2.7 Advanced Usage of Character Classes
Escaping in Character Classes
Inside character classes, certain characters need to be escaped:
[.] # Matches the dot (dot loses special meaning in character classes)
[\]] # Matches the right bracket
[\\] # Matches the backslash
[^-] # Matches characters except hyphen
[-] # Matches hyphen (at beginning or end)
[abc-] # Matches 'a', 'b', 'c', or '-'
[-abc] # Matches '-', 'a', 'b', or 'c'
POSIX Character Classes (supported by some engines)

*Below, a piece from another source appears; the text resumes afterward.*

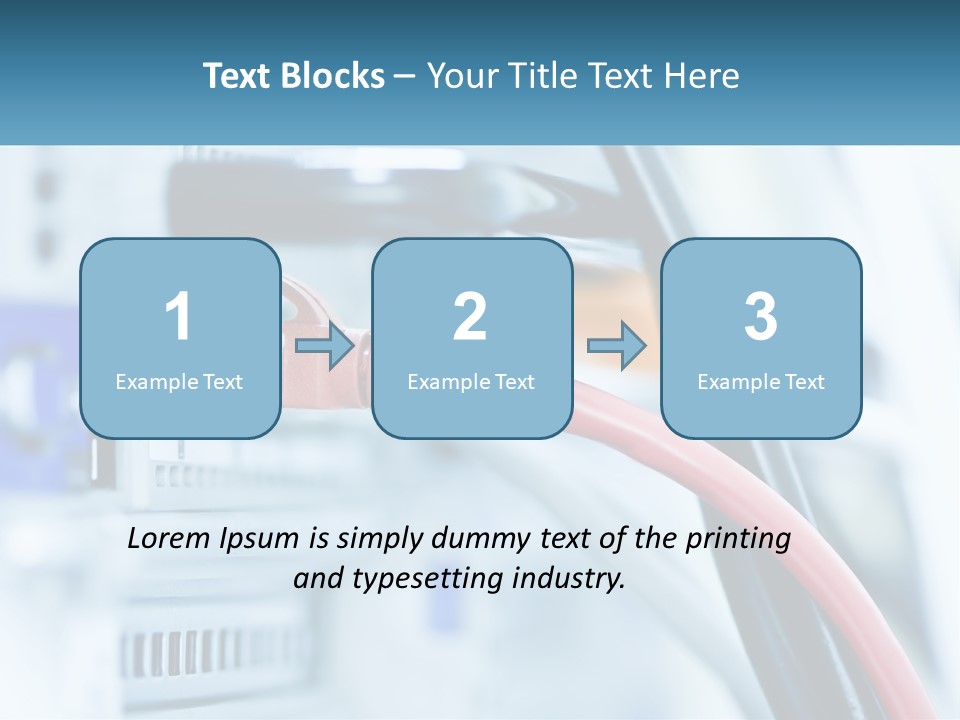 A Close Up Of A Power Strip With Wires PowerPoint Template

[:alnum:] # Letters and digits
[:alpha:] # Letters
[:digit:] # Digits
[:lower:] # Lowercase letters
[:upper:] # Uppercase letters
[:space:] # Whitespace characters
Usage:
[[:alnum:]] # Matches letters or digits
[[:alpha:]] # Matches letters
2.8 Practice Exercises
Exercise 1: Basic Matching
Write regular expressions to match the following:
- Match any three digits
- Match words starting with an uppercase letter
- Match strings containing the @ symbol
// Sample answers
const threeDigits = /\d{3}/;
const capitalWord = /[A-Z]\w*/;
const hasAt = /.*@.*/;
Exercise 2: Character Class Application
Write regular expressions for:
- Match hexadecimal color codes (like #FF0000)
- Match words not containing digits
- Match words containing vowel letters
// Sample answers
const hexColor = /#[0-9a-fA-F]{6}/;
const noDigitWord = /[^\d\s]+/;
const hasVowel = /.*[aeiouAEIOU].*/;
Summary
Character matching is the foundation of regular expressions. Mastering literal characters, character classes, predefined character classes, and the usage of the dot provides the foundation for building complex regular expressions. Key points to remember:
- Literal characters match directly, special characters need escaping
- Character classes use
[abc]to match any one character within - Predefined character classes like
\d\w\ssimplify common matching [^abc]is used for negation matching- The dot
.matches any character (usually not including newline)
This foundational knowledge will be continuously used and expanded in subsequent chapters.